Great post! Now I know what a real bike fitting entails. Of course, finding a shop that good in cental IL would be the hardest part! Congrats on the new bike!

Slowdad

Bike looks good! Looking forward to seeing you out on it.

I've never gotten fit up on my bike. I think it'd probably be a good idea.

TriWithMS

I'm sure I missed a bunch of the other steps he took, I'll have to call him up sometime and ask him to explain his steps so I can be more complete and people really get a good sense of how detailed they are.

That's too bad that there aren't any places in IL for you to get this done Ashleigh, maybe you should fly up to Toronto! ;D

Slowdad - You'll see me on it soon. I'm not sure how close I'll be following your wheel if we go out for ride since it does feel unsafe not having the brakes handy. It does 'feel' fast when I took it up and down the street a couple times, but that could just be all the extra adrenaline coursing through my veins. Hmmm, how is this going to work? How can I still go riding with you without hiding into your slipstream the whole time?

Thanks for the comments.

Cheers,

Rob.

Tom

Great post! Aside from squeezing out more power and keeping you comfortable for long periods, a proper fit also significantly reduces the chances of injury so it's definitely worth it. Unlike other sports, the mechanical motions on a bike are extremely repetitive, and if anything is even slightly out of kilter that repeated stress will eventually add up to cause trouble.
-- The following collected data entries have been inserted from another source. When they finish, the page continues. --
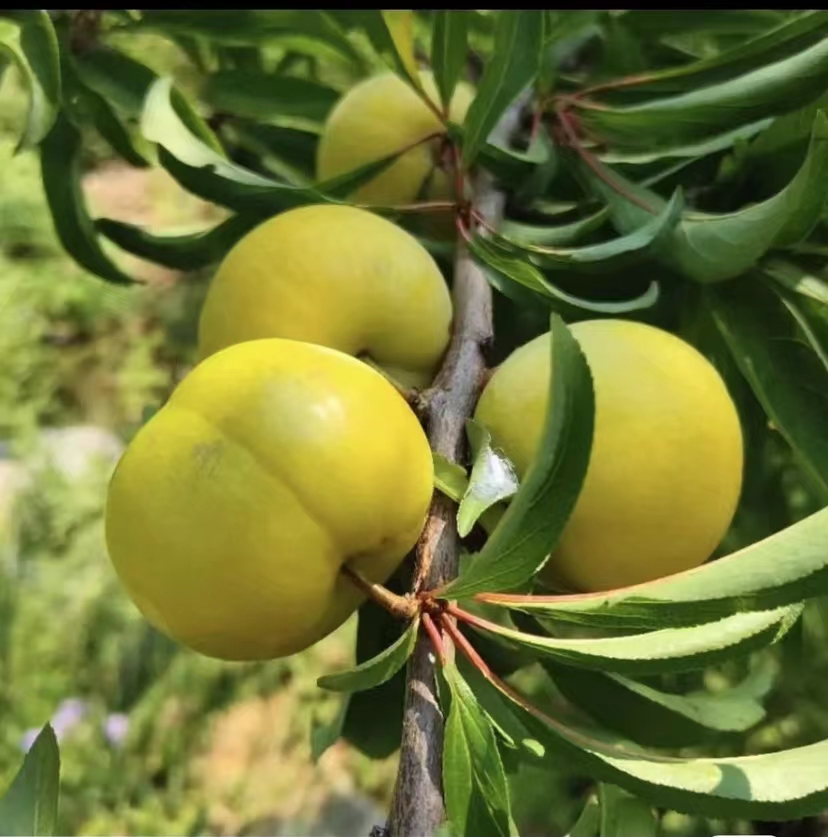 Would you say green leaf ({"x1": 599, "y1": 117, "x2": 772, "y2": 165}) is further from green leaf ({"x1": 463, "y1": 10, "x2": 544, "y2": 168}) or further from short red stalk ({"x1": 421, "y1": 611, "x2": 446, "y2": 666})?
short red stalk ({"x1": 421, "y1": 611, "x2": 446, "y2": 666})

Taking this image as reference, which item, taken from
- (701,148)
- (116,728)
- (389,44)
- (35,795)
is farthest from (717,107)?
(116,728)

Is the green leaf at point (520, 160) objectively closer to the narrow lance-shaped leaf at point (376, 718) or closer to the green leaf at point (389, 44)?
the green leaf at point (389, 44)

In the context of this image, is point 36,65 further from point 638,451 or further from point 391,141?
point 638,451

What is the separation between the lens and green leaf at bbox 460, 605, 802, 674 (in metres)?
0.56

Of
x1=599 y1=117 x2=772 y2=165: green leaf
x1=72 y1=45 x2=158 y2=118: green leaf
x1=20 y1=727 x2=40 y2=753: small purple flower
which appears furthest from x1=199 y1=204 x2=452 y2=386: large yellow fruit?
x1=20 y1=727 x2=40 y2=753: small purple flower

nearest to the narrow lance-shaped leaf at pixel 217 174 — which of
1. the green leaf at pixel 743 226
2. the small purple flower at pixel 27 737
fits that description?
the green leaf at pixel 743 226

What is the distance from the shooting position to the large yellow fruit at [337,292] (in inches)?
27.2

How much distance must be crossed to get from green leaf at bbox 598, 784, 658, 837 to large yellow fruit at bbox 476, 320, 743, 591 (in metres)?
0.14

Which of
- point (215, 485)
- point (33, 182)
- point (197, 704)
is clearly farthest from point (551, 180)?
point (33, 182)

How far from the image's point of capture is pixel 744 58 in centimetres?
88

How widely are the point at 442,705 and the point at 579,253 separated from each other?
0.33m

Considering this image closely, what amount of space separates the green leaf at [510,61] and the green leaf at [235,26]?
30 centimetres

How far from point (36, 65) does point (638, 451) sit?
1.84 feet

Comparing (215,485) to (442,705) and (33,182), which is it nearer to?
(442,705) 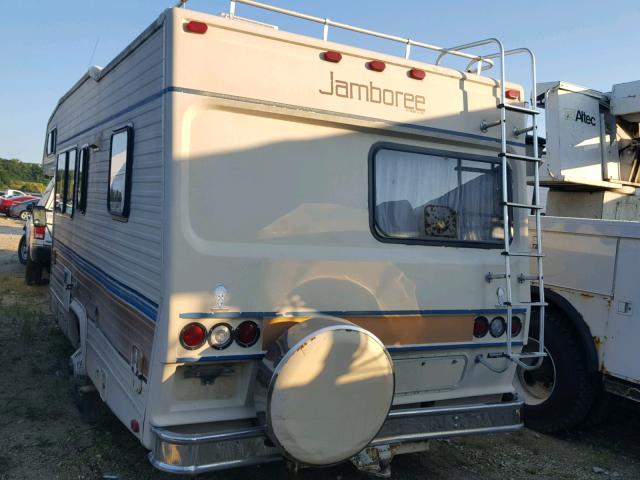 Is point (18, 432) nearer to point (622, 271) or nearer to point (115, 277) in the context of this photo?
point (115, 277)

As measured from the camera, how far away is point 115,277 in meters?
4.18

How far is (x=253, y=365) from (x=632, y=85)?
17.6 ft

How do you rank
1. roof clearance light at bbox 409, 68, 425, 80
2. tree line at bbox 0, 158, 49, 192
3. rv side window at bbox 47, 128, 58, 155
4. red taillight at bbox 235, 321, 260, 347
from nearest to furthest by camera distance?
1. red taillight at bbox 235, 321, 260, 347
2. roof clearance light at bbox 409, 68, 425, 80
3. rv side window at bbox 47, 128, 58, 155
4. tree line at bbox 0, 158, 49, 192

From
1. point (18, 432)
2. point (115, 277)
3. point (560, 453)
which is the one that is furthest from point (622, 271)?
point (18, 432)

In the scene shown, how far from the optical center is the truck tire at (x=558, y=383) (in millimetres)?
5023

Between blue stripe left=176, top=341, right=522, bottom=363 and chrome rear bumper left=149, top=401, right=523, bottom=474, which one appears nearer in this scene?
chrome rear bumper left=149, top=401, right=523, bottom=474

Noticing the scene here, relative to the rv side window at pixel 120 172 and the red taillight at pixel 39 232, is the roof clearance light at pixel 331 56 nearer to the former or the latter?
the rv side window at pixel 120 172

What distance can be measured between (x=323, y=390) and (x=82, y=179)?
344 centimetres

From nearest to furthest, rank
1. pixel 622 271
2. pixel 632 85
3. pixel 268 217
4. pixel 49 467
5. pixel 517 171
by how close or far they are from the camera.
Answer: pixel 268 217 → pixel 49 467 → pixel 517 171 → pixel 622 271 → pixel 632 85

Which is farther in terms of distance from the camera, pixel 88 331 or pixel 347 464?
pixel 88 331

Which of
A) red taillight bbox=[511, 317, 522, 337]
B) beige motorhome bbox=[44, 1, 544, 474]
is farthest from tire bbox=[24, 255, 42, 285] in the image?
red taillight bbox=[511, 317, 522, 337]

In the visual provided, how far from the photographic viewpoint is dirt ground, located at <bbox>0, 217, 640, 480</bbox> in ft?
13.3

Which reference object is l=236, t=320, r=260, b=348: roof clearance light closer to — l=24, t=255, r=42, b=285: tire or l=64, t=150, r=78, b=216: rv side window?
l=64, t=150, r=78, b=216: rv side window

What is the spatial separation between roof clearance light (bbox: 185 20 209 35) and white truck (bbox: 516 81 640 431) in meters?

As for group rides, you will want to leave extra room on a TT bike like this. Aside from the brakes not being immediately available, steering is a *lot* less forgiving so you need to be careful as every tiny movement in your arms will effect your trajectory. These bikes are designed for racing in events where drafting isn't permitted, so they make compromises to control in order to eek out every bit of aerodynamic advantage that they can get (cockpit layout, shorter wheel base, more forward weight distribution, etc.).

The nice thing is that the differences can be dramatic, and you'll likely see a significant improvement in speed. As such, in many cases you'll be able to push your way to the front of the pack where those disadvantages become moot.

With that said, when riding in a draft you can always switch to the pursuit bars. That will give you most of the control back, and you'll have the brakes available without moving your hands around. You naturally won't be as aerodynamic, but when you're in a draft that's not a huge liability (you're protected from the wind, so it's much less significant).